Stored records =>
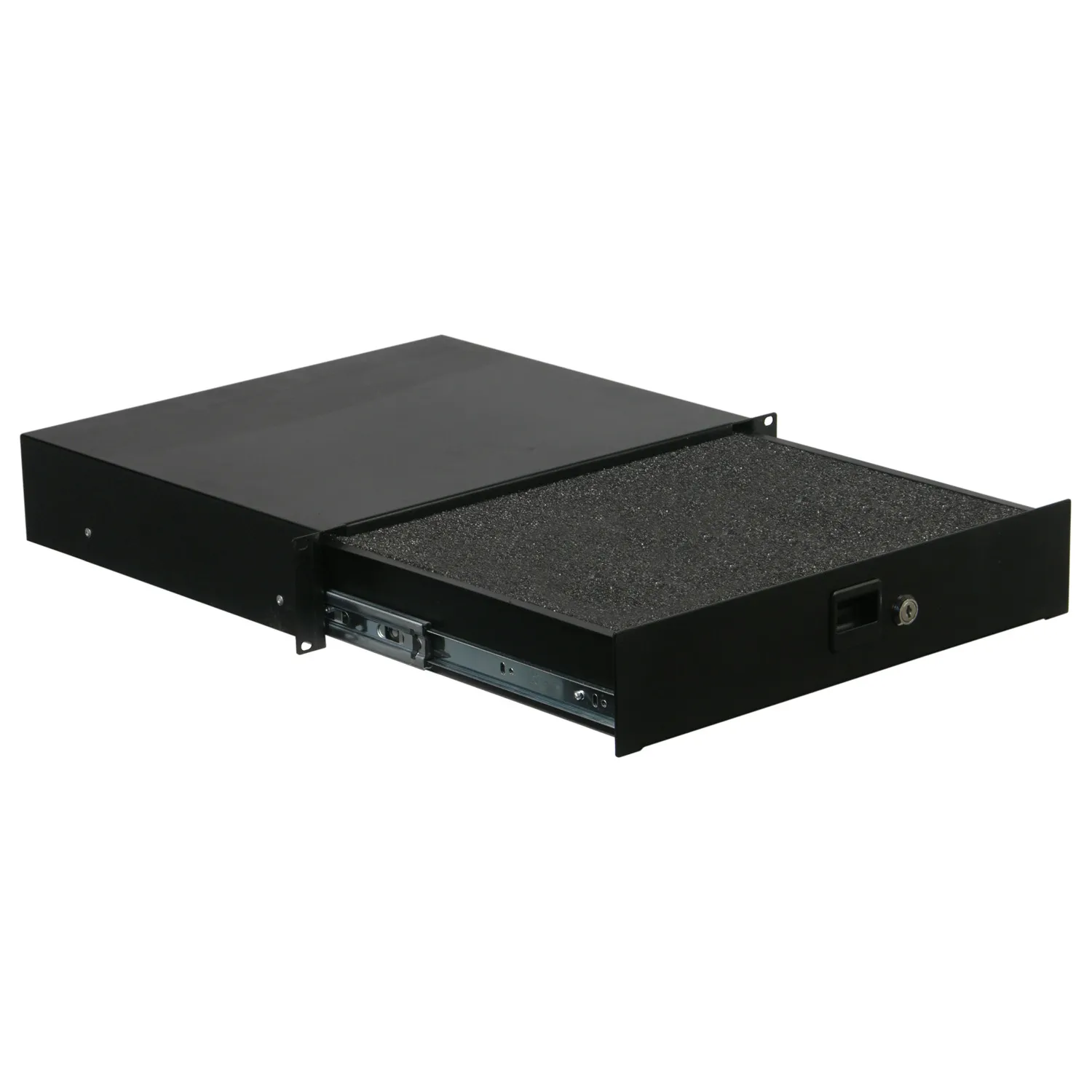 2U Rack Mountable Drawer with Interior Diced Foam - Image 2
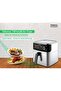 Digital Air Fryer 8L 2000W, Double Heating Elements, 6 Preset Programs, 360° Hot Air Circu - 5
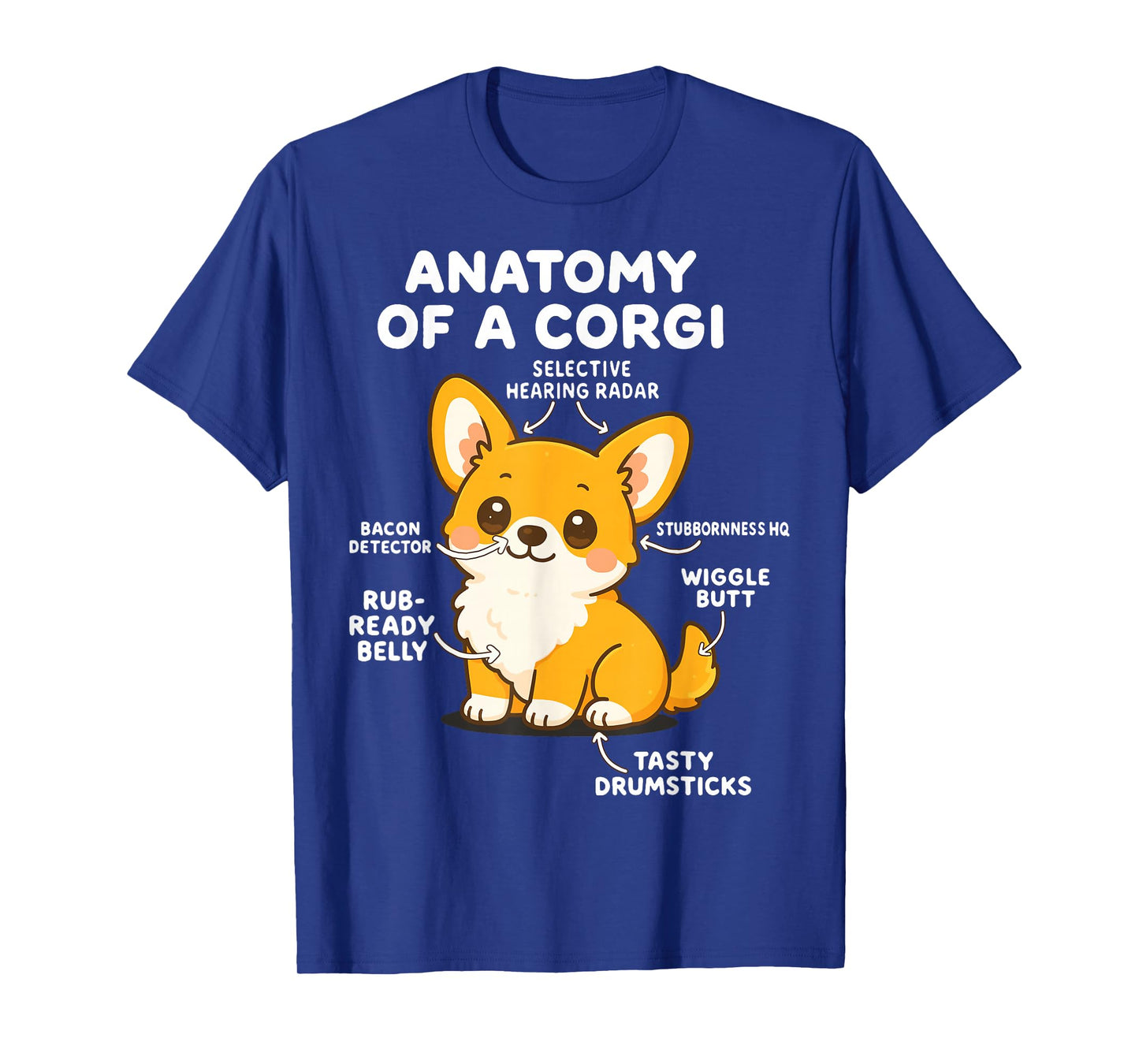 Anatomy Of A Corgi T-Shirt
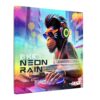 BKK Neon Rain Canvas Print - Image 5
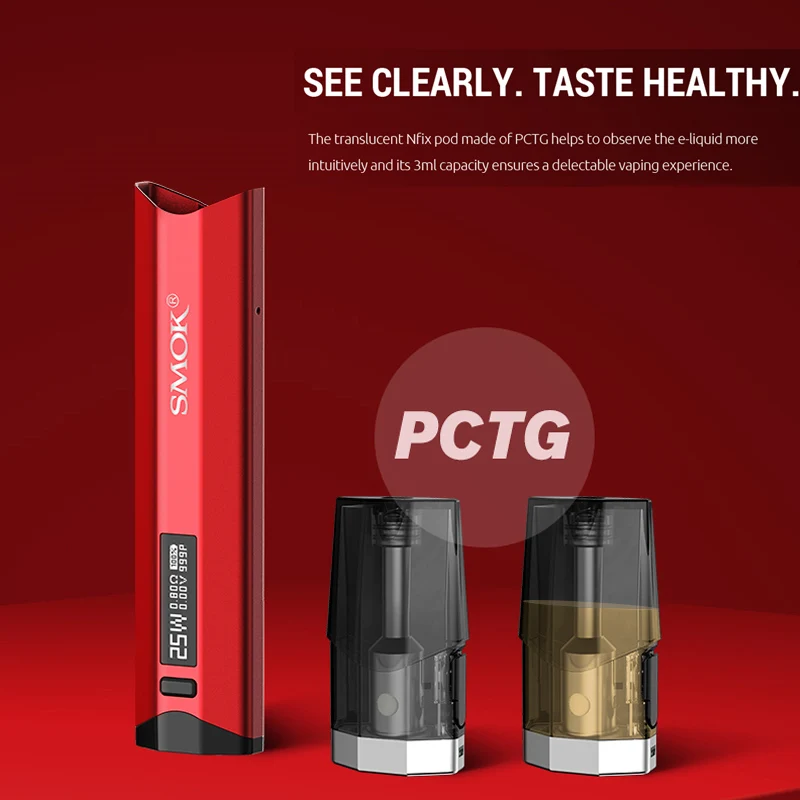 Оригинальный картридж SMOK Nfix Pod Vape Pen 3 мл DC MTL и 0.8ohm Pods 700 мАч аккумулятор|Системы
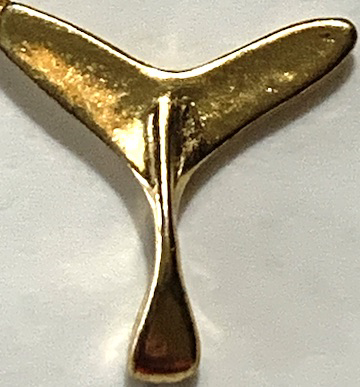 Gold Whale Tail Locket Charm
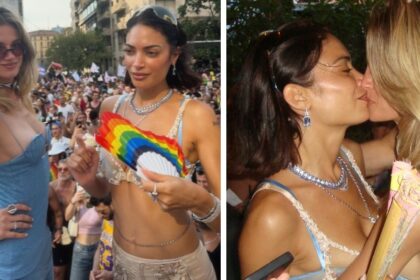 Elodie e Franceska Nuredini debuttano da coppia in pubblico al Milano Pride: baci, abbracci e tanta complicità - Gossip.it
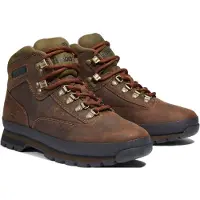 Timberland for man. TB0951002141 Euro Hiker brown lace-up leather mountaineering boots (40), Flat, Laces, Casual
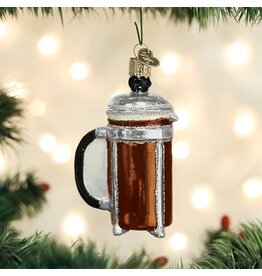 Old World Christmas Old World Christmas Ornament French Press Coffee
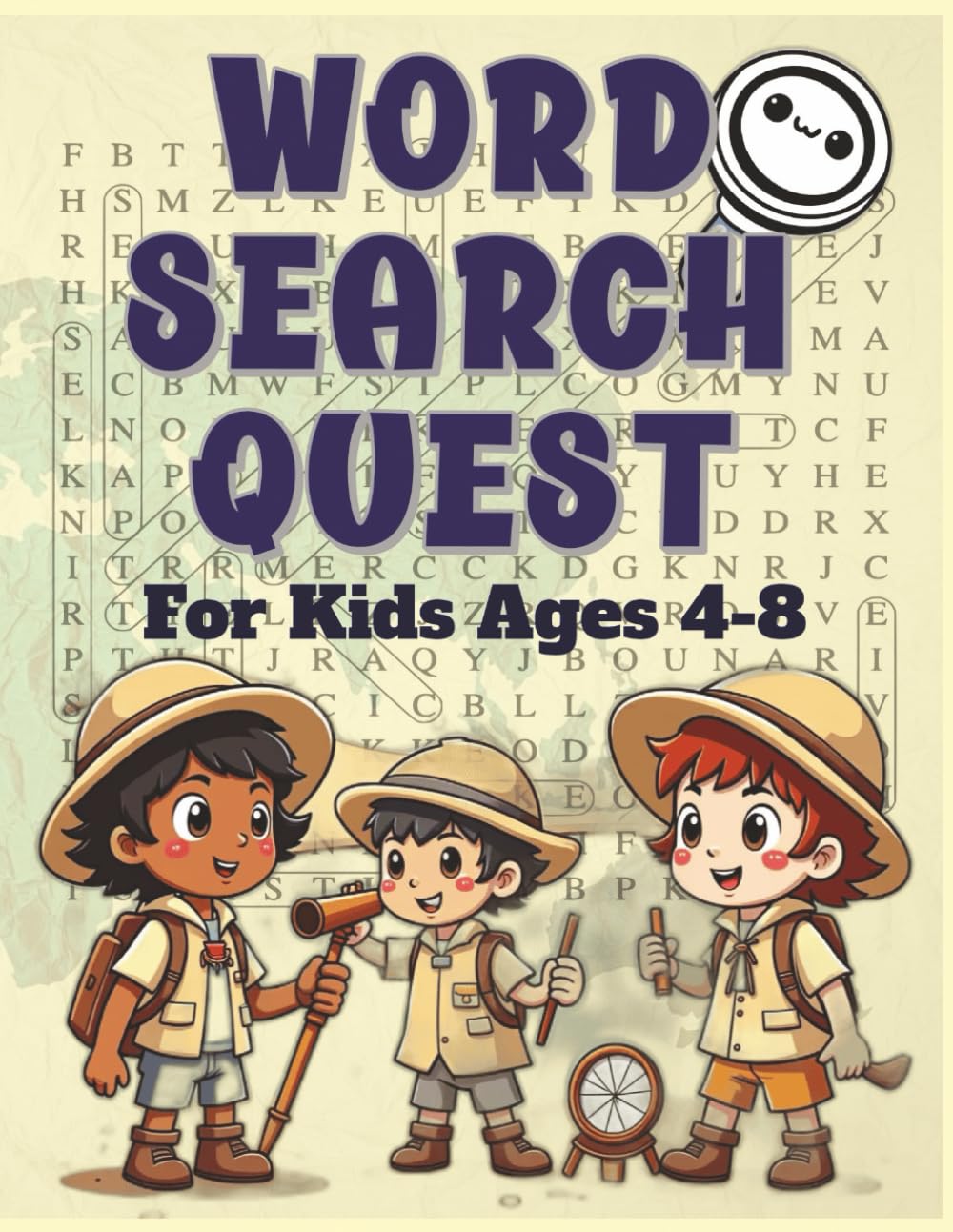 Word Search Quest: Fun & Easy Puzzles for Kids Ages 4–8: 100 Themed Word Hunts to Build Spelling, Vocabulary & Confidence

EXERCISE PROMPT => Only the pictures are to be left out; write out all the other data exactly.

FINISHED TASK =>
 2U Rack Mountable Drawer with Interior Diced Foam - Image 2
 Digital Air Fryer 8L 2000W, Double Heating Elements, 6 Preset Programs, 360° Hot Air Circu - 5
 Anatomy Of A Corgi T-Shirt
 BKK Neon Rain Canvas Print - Image 5
 Оригинальный картридж SMOK Nfix Pod Vape Pen 3 мл DC MTL и 0.8ohm Pods 700 мАч аккумулятор|Системы
 Gold Whale Tail Locket Charm
 Elodie e Franceska Nuredini debuttano da coppia in pubblico al Milano Pride: baci, abbracci e tanta complicità - Gossip.it
 Timberland for man. TB0951002141 Euro Hiker brown lace-up leather mountaineering boots (40), Flat, Laces, Casual
 Old World Christmas Old World Christmas Ornament French Press Coffee
 Word Search Quest: Fun & Easy Puzzles for Kids Ages 4–8: 100 Themed Word Hunts to Build Spelling, Vocabulary & Confidence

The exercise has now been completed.